MAIS ÁSIA: O acordo nuclear do Irã deverá também ter um grande impacto no futebol do país

O Al Wahda tem apenas quatro títulos na liga dos Emirados Árabes, o último deles na temporada 2009/10. Naquele time havia quatro brasileiros: Fernando Baiano (ex-Corinthians), Josiel (ex-Flamengo, artilheiro da Série A de 2007 pelo Paraná), Magrão (volante, ex-Palmeiras e Inter) e Pinga (ex-Inter). Desde então, o time não conseguiu emplacar uma grande campanha. Na temporada 2014/15, o Al Wahda foi o quarto colocado, com 47 pontos, a dois pontos de jogar a fase preliminar da Liga dos Campeões da Ásia de 2016.

Seria uma grande conquista, pois o clube não participa da LC asiática desde 2010. Naquela oportunidade, acabou eliminado na fase de grupos, com apenas uma vitória em seis jogos, atrás de Zob Ahan (Irã), Bunyodkor (Uzbequistão) e Al Ittihad (Arábia Saudita).

Para esta temporada, a diretoria resolveu investir. Contratou o técnico mexicano Javier Aguirre, 56 anos, com passagens por Atlante, seleção mexicana, Osasuna, Zaragoza, Atlético de Madrid e seleção japonesa. Foi demitido do Japão em fevereiro deste ano após a confirmação de que o técnico mexicano havia manipulado um resultado a favor do Real Zaragoza na liga espanhola 2010/11.

Em campo, o técnico conta com um jogador bastante conhecido dos brasileiros.

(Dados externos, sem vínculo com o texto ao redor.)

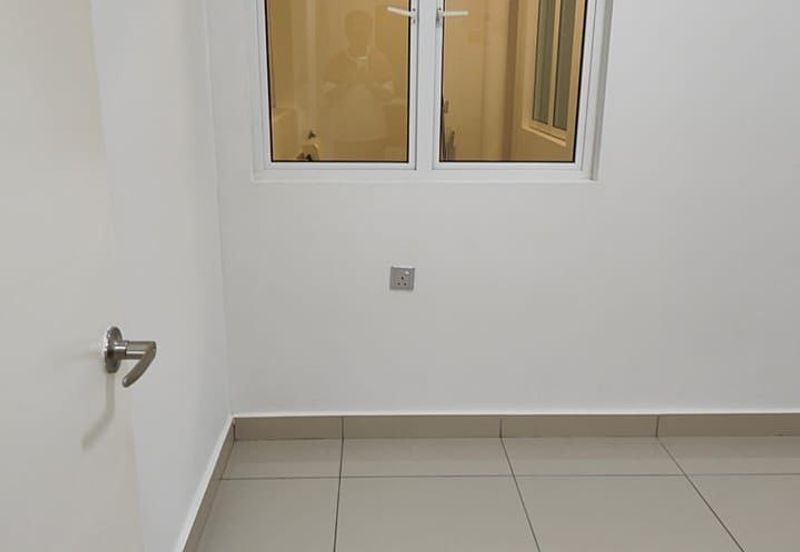 Twin Danga Residence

O volante Denílson foi contratado por € 3,1 milhões para trocar o São Paulo pelo Campeonato Emiratense. Outro nome de destaque é o argentino Damián Díaz, que defendia o Barcelona de Guaiaquil.

Não é um time ruim, mas precisa de mais brilho para subir o degrau que o leve de volta à briga pelo título nacional e à disputa de competições internacionais. Por isso, a possibilidade de assinar com Valdívia era interessante, ainda mais depois do bom futebol apresentado pelo meia na Copa América. O Al Wahda ofereceu R$ 18,9 milhões anuais até o final da temporada 2016/17. Com base no pré-contrato, o chileno foi anunciado como reforço e era apenas questão de tempo para acertar sua transferência. Mas o Guangzhou R&F (não confundir com o Guangzhou Evergrande, de Felipão, Robinho e Paulinho) ofereceu vínculo até dezembro de 2017 e R$ 31,6 milhões anuais. E aí a coisa complicou.

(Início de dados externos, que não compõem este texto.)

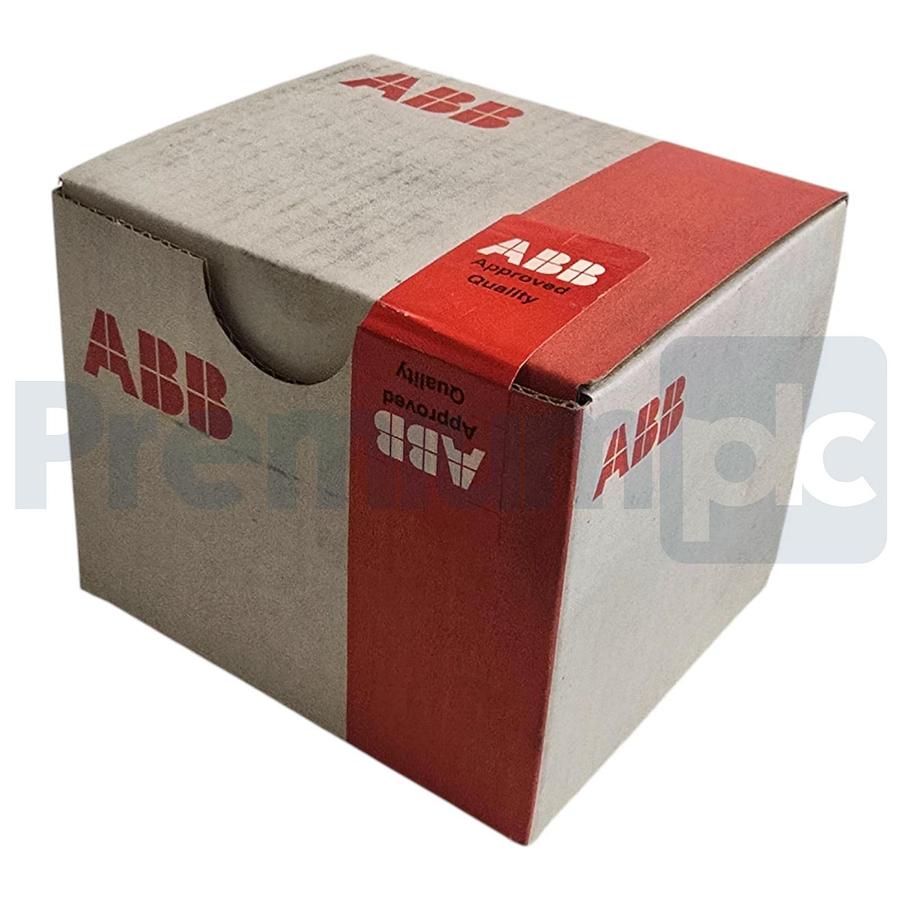 Used ABB CI501-PNIO | 1SAP220600R0001 S500 PROFINET Bus Module 8DI/8DO/4AI/2AO NSFS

O contrato com o Palmeiras vai até 17 de agosto e, por enquanto, Valdívia apenas treina em separado no clube paulistano. O Al Wahda deve estar ávido por conseguir a liberação de Valdívia antes do fim do contrato com o Palmeiras e fazê-lo assinar logo seu novo vínculo.

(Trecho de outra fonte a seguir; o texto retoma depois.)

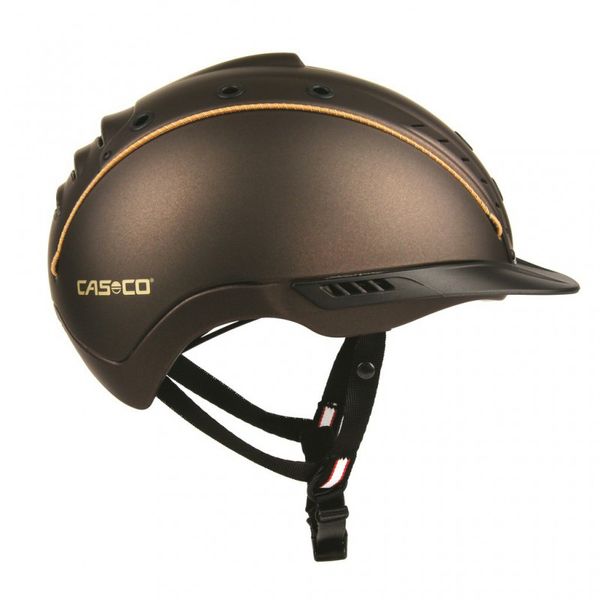 Шолом CASCO "MISTRALL 2" для верхової їзди 912354 фото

– Dois brasileiros já treinaram o Al Wahda. Entre 2007 e 2008, Ivo Wortmann, atual auxiliar de Felipão no Guangzhou Evergrande, comandou a equipe, sem nenhum título. Entre agosto e outubro de 2010, Tite esteve à frente do Al Wahda, mas ficou pouco tempo, pois recebeu proposta do Corinthians, com o qual viria a conquistar Série A, Libertadores e Mundial.

– Apenas o zagueiro Hamdan Al-Kamali, 26 anos (revelado no Al Wahda), foi chamado para a seleção de Emirados Árabes Unidos que foi terceira colocada na Copa da Ásia 2015. Ele tem 33 convocações e estava emprestado ao Valletta (Malta) – já defendeu o Lyon, também por empréstimo (2012/13), mas não entrou em campo.